Search code examples
pythonmachine-learninggoogle-cloud-platformtpu

GCP not detecting correct python version when submitting ML training job


I am trying to submit a TPU ML training job on GCP using this:

> !gcloud ai-platform jobs submit training `whoami`_object_detection_`date +%s` \
> --job-dir=gs://dota-1/train \
> --packages dist/object_detection-0.1.tar.gz,slim/dist/slim 0.1.tar.gz,/tmp/pycocotools/pycocotools-2.0.tar.gz \
> --module-name object_detection.model_tpu_main \
> --runtime-version 2.6 \
> --scale-tier BASIC_TPU \
> --region us-central1 \
> -- \
> --model_dir=gs://dota-1/train \
> --tpu_zone us-central1 \
> --python-version 3.7 \
> --pipeline_config_path=gs://dota-1/data/pipeline.config

But it gives me the following error and does not detect the right python version:

ERROR: (gcloud.ai-platform.jobs.submit.training) INVALID_ARGUMENT: Field: runtime_version Error: The specified runtime version '2.6' with the Python version '' is not supported or is deprecated. Please specify a different runtime version. See https://cloud.google.com/ml-engine/docs/runtime-version-list for a list of supported versions.
- '@type': type.googleapis.com/google.rpc.BadRequest
  fieldViolations:
  - description: The specified runtime version '2.6' with the Python version '' is
      not supported or is deprecated. Please specify a different runtime version.
      See https://cloud.google.com/ml-engine/docs/runtime-version-list for a list
      of supported versions.
    field: runtime_version

I have run !python --version and confirmed that I have python 3.7 installed, which is the supported version by GCP.

How can I fix this?


Solution

  • This error is about the TensorFlow version 2.6. You could see these options:

    • Doesn’t support batch prediction. You could use versions 1.15 or 2.1.

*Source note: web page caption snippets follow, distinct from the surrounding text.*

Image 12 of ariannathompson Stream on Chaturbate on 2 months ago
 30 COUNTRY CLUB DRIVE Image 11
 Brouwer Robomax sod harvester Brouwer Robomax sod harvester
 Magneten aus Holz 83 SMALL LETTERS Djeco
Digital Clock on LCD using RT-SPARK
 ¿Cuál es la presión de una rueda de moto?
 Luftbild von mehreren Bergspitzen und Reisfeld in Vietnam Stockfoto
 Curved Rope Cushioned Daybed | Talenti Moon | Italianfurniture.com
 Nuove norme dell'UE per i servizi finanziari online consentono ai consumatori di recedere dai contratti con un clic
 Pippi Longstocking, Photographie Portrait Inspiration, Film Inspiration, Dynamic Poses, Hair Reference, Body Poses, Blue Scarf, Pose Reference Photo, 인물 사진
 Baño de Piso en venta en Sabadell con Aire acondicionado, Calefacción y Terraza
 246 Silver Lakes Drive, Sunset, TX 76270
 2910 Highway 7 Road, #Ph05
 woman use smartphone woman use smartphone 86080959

    • Using a more recent version of TensorFlow than the latest supported runtime version on AI Platform Training is possible for training, but not for prediction.

      To use a version of TensorFlow that is not yet supported as a full AI Platform Training runtime version, include it as a custom dependency for your trainer using one of the following approaches:

      Specify the TensorFlow version in your setup.py file as a PyPI dependency. Include it in your list of required packages as follows:

    REQUIRED_PACKAGES = ['tensorflow>=2.6]

    You can see more documentation.

    • Change the runtime version editing this flag, but you must have installed the package:

    --runtime-version 1.9

    You could see more documentation about the supported version.